"Çocuk eğitimini nebevi siretten almamız gerekir"
4'üncü Âlimler Buluşmasında konuşan İTTİHADUL ULEMA Genel Başkan Yardımcısı Suat Yaşasın, çocukların başarılı olması için eğitimlerinin Hazreti Muhammed'in siyerinni örnek alınması gerektiğini belirtti.
Diyarbakır’da İTTİHADUL ULEMA tarafından Türkiye, İran, Irak ve Suriye'deki âlimlerin katılımıyla gerçekleşen ''4'üncü Âlimler Buluşması” birinci oturumla devam etti.
İTTİHADUL ULEMA Genel Başkan Yardımcısı Suat Yaşasın, “Çocuk Yaşta Medrese Eğitimi’nin Öncelenmesinin Gerekliliği ve bu Eğitim Usulü’nün Oluşturulması” konulu konuşmasını yaptı.
"İslam, çocuk eğitimine daha erkenden başlar"
İnsanın, Allah'ın yarattığı en büyük mahlûk ve proje olduğunu belirten Yaşasın, "Bu yüzden insanın oluşumu ve toplumun meydana gelmesinin en büyük sorunu teşkil etmektedir.
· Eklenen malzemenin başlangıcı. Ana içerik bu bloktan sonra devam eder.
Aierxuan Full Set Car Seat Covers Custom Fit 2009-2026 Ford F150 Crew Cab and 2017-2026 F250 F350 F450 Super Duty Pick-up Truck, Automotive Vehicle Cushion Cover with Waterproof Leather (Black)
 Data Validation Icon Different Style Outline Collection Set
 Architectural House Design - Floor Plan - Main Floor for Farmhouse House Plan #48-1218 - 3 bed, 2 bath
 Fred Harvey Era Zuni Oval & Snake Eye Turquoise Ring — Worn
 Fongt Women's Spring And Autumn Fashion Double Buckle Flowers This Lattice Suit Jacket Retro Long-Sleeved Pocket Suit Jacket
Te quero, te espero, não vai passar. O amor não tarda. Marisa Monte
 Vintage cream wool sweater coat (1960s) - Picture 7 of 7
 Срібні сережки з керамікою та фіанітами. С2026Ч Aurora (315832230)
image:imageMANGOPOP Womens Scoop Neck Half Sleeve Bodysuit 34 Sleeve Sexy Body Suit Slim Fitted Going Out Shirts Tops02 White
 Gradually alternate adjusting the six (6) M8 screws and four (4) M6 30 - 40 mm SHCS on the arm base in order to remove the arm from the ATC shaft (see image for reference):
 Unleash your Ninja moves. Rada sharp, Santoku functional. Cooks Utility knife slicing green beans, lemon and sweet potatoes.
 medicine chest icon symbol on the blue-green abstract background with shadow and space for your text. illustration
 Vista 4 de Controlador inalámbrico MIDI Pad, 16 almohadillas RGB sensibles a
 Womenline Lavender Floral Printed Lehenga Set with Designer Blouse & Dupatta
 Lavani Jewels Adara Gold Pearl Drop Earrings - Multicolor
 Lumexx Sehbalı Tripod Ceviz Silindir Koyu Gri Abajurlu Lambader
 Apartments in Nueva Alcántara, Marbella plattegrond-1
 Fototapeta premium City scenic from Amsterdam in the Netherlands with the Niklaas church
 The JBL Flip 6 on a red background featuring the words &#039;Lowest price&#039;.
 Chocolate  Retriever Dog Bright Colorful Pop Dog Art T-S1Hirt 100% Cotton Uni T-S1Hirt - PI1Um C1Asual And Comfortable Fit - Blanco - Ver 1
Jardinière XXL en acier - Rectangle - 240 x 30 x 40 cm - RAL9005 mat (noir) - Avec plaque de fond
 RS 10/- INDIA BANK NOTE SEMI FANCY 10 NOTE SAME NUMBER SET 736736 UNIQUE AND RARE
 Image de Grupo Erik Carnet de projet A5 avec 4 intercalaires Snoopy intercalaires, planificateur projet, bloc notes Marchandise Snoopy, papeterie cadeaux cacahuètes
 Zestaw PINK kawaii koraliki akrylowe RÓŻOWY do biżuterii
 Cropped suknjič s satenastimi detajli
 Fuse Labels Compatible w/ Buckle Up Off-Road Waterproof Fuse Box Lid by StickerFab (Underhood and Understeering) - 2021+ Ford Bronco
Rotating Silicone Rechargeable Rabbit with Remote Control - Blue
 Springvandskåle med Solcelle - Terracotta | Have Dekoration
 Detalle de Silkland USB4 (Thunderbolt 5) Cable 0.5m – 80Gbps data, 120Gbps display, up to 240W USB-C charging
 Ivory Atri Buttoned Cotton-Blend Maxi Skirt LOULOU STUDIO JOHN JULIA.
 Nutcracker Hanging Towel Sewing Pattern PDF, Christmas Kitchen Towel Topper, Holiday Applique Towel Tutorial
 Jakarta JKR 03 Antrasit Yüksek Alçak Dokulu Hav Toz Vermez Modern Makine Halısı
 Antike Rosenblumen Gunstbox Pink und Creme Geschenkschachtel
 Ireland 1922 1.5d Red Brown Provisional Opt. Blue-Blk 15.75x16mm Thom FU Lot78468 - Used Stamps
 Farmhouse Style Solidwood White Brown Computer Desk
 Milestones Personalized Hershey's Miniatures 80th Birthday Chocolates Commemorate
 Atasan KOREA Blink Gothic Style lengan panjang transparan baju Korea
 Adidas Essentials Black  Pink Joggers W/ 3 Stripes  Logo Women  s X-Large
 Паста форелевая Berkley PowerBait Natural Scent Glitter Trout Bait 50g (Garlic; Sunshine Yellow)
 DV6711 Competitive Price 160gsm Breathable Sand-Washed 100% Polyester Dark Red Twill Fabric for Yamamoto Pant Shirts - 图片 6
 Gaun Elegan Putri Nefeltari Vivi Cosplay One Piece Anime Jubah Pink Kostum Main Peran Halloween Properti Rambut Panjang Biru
Ne zaman insandan bahsetsek çocuk eğitimi en önemli hususu teşkil ediyor. Müslümanların dikkat etmesi gereken en önemli problemi teşkil ediyor. Müslümanlar, çocuğun şeri ilimleri öğrenmesine ciddi önem verir. Yaşadığımız çağın genel kabulünün aksine İslam çocuk eğitimine daha erkenden başlar. İslam'a göre eğitim Kur'ani ve nebevi eğitimdir. Hazreti Muhammed çocuklar dâhil evindeki eşlerine dahi çocuk yaşta eğitime dikkati çekmiştir. Peygamberimizin çocuklarla iletişimi yetişkinlerle iletişimi gibidir. En önemli nokta çocuk eğitiminde Kur'an eğitimi ve Kur'an ezberi eğitimidir. Bize şunlar söylenebilir. Siz çocuklara daha 6 yaşından önce çocuklar nasıl Kur'an'ı ezberleyebiliyorlar? Bu şaşılacak bir şeydir. Selefi salihinden İmam Şafi 4-5 yaşlarında Kur'an'ı ezberlemişti. İmam Şafi, küçük yaşta annesi vefat ettikten sonra Gazze'den Mekke'ye geliyor ve Mekke'de fasih Arapçayı öğrenmiştir. İmam Şafi, iyi bir Arapçayı öğrenmek, Hazreti Peygamberi doğduğu topraklarda öğrenmek amacıyla Mekke'ye geliyor." dedi.
"Hicretin ilk döneminde eğitime ciddi bir önem verilmiştir"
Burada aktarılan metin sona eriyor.